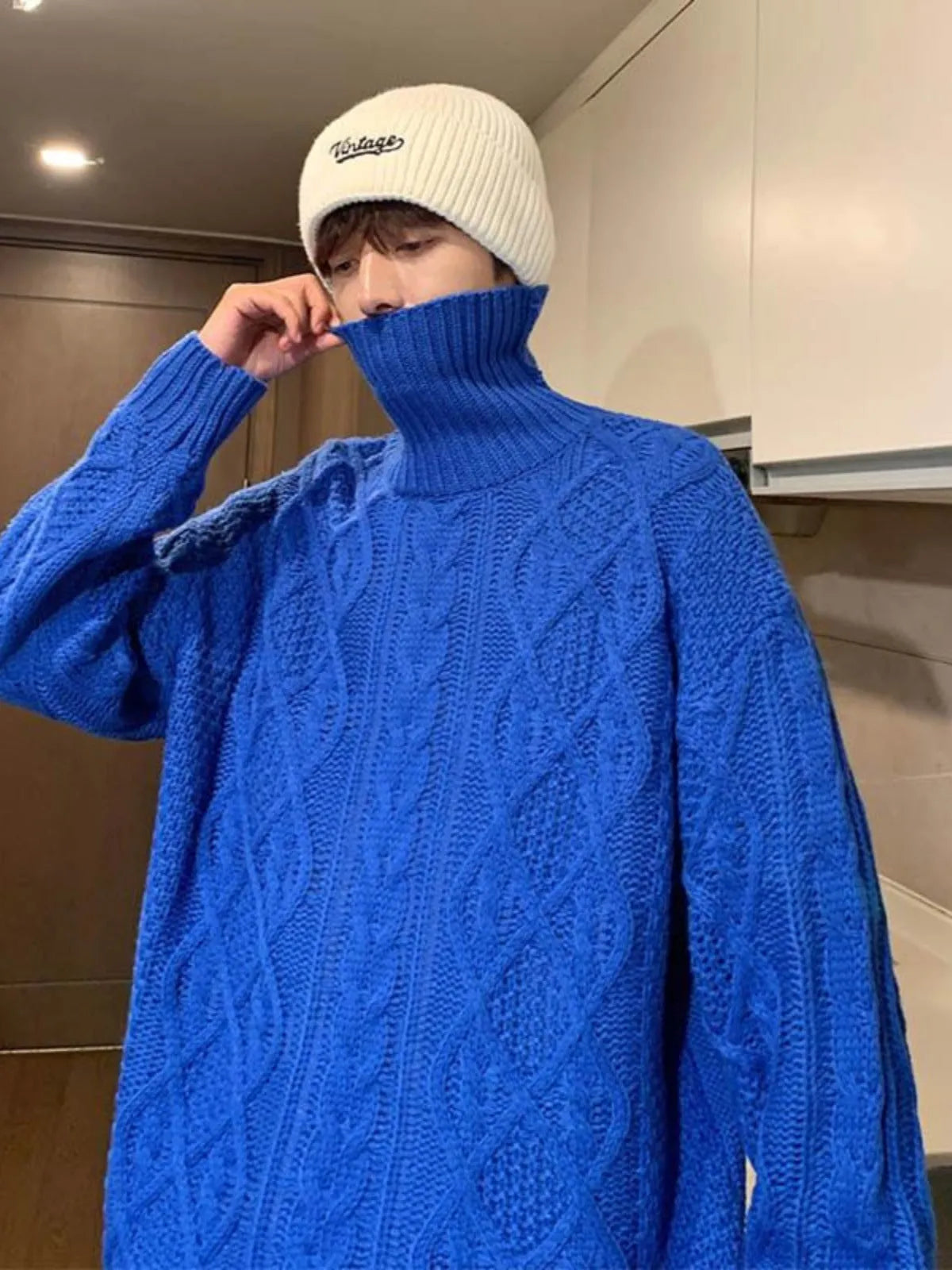 Japanese-style retro green jacquard turtleneck sweater, loose-fit wool-blend pullover for casual wear
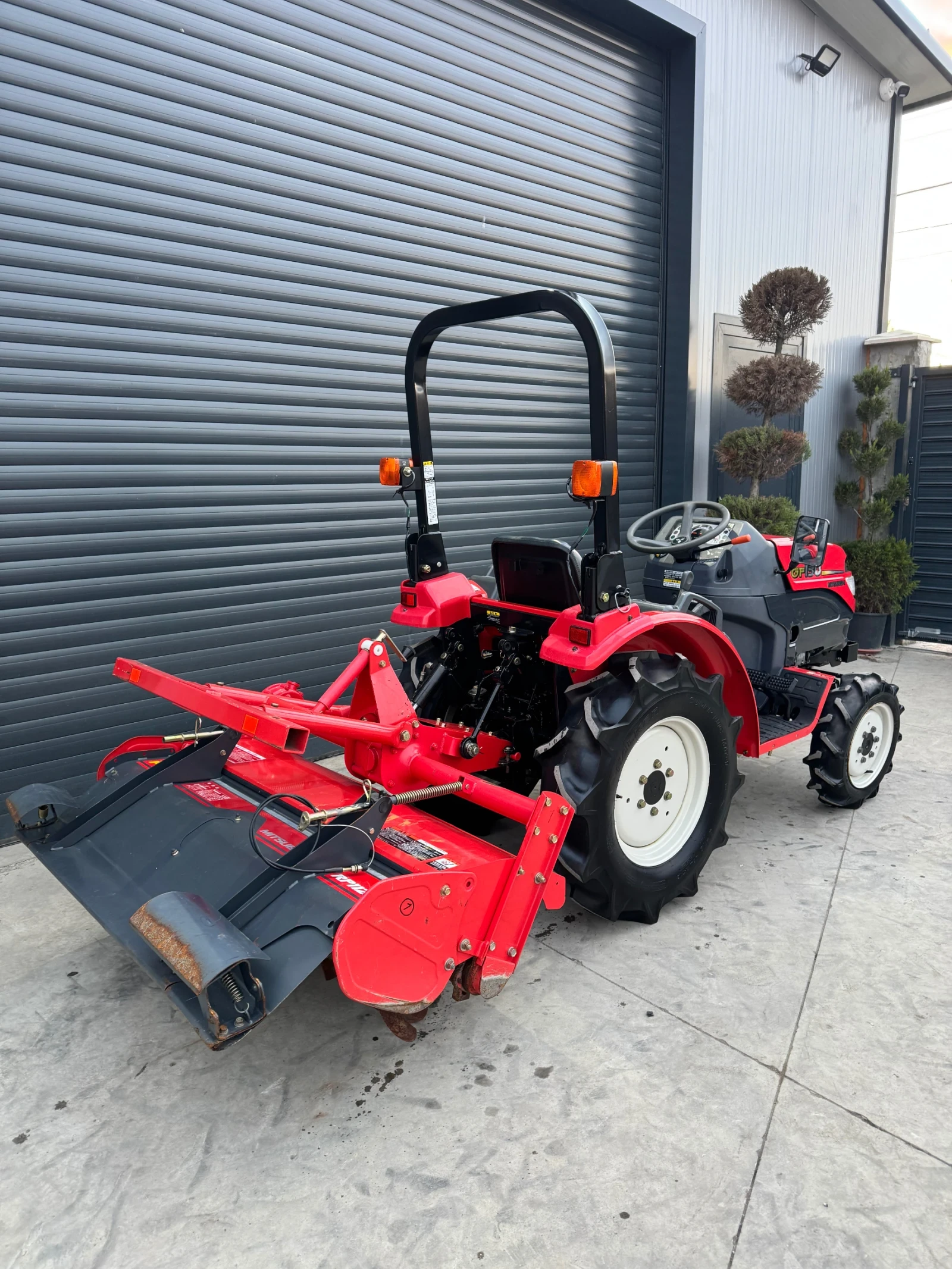 Трактор Kubota Mitsubishi GF130 - изображение 2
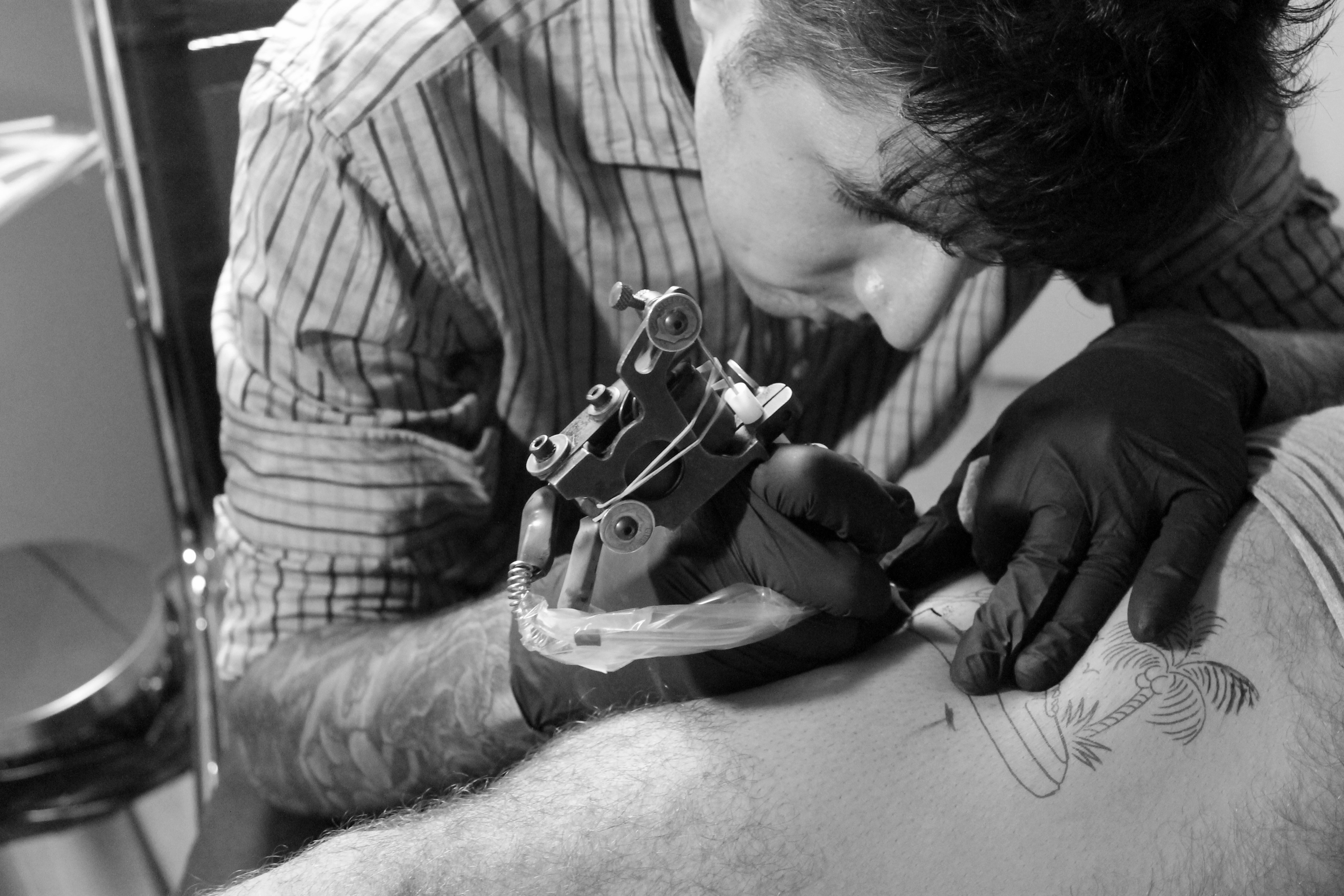 TATTOING co THE TEN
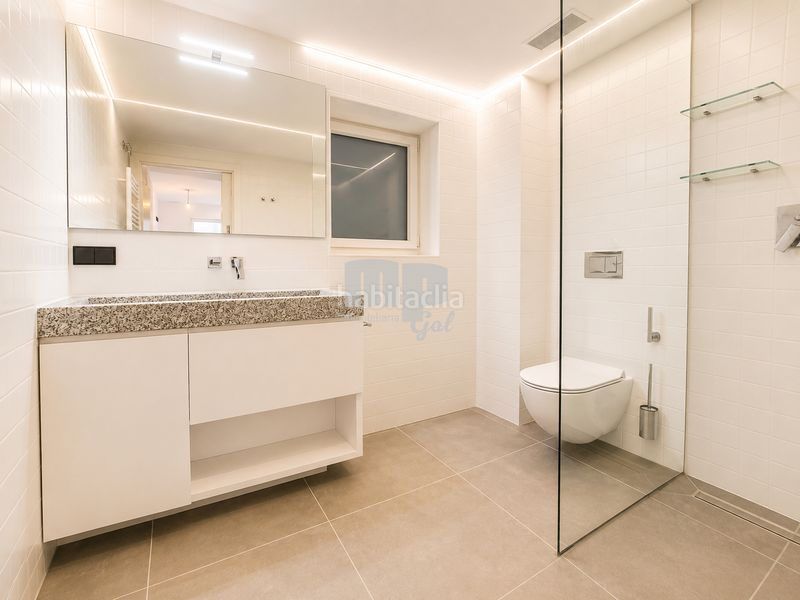 Foto fe5d6ce6-5dd4-49e4-bc6e-0c0d63242f82. Piso en Centro - Areal Vigo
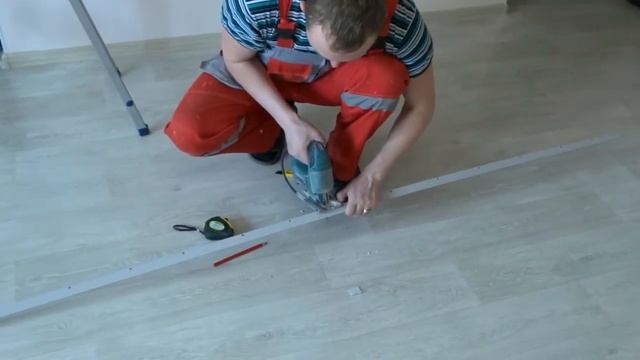 Как вырезать ПВХ БАГЕТ с внешним углом.Натяжные потолки смотреть онлайн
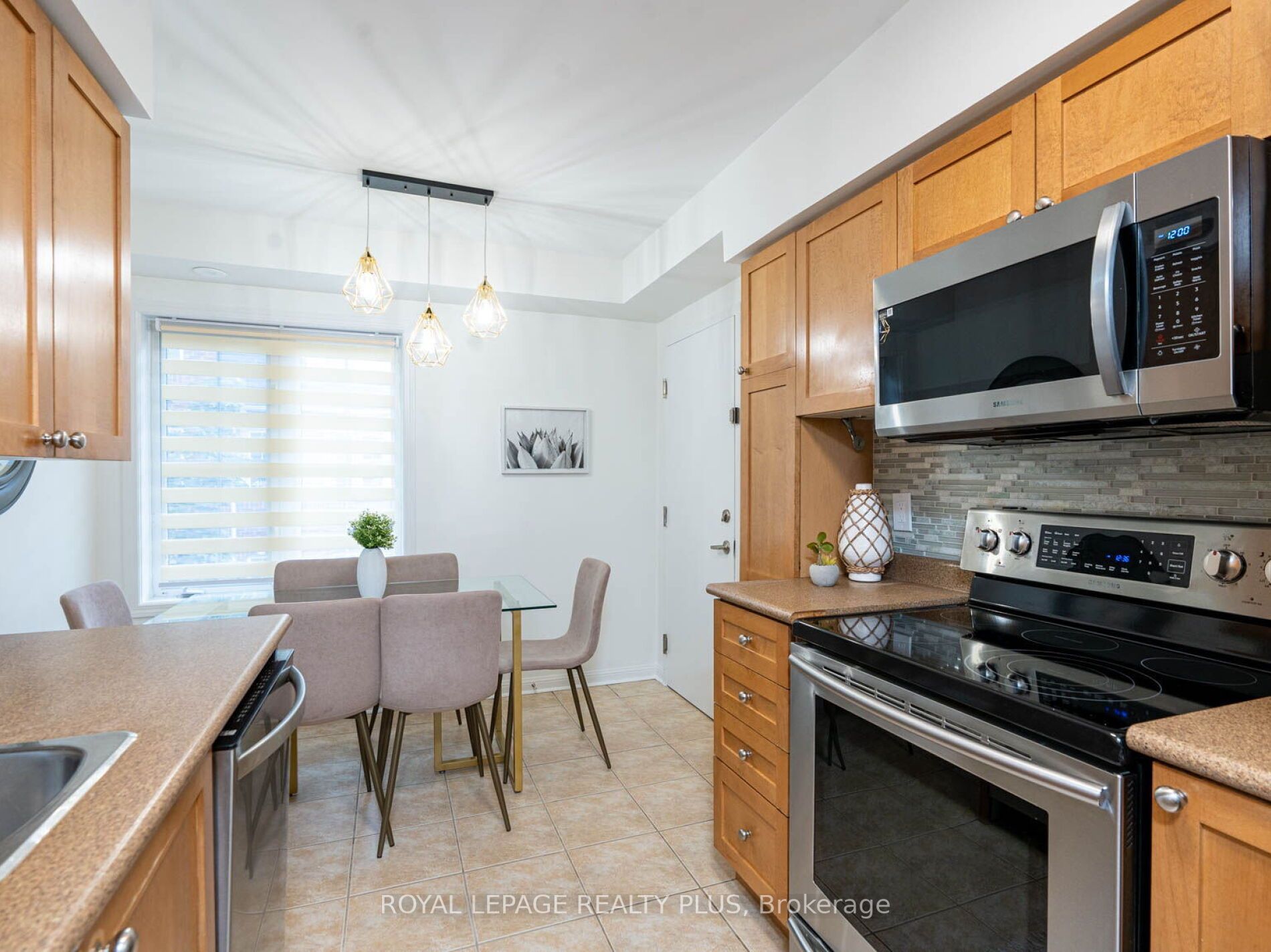 784 Neighbourhood Circ, #2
----
• [PROBLEM DETAILS] For this copy, leave pictures out and reproduce the lines from the one bearing "TATTOING co THE TEN" through the final line of the listing above, both ends included.

• [EXPECTED OUTPUT]
 TATTOING co THE TEN
 Foto fe5d6ce6-5dd4-49e4-bc6e-0c0d63242f82. Piso en Centro - Areal Vigo
 Как вырезать ПВХ БАГЕТ с внешним углом.Натяжные потолки смотреть онлайн
 784 Neighbourhood Circ, #2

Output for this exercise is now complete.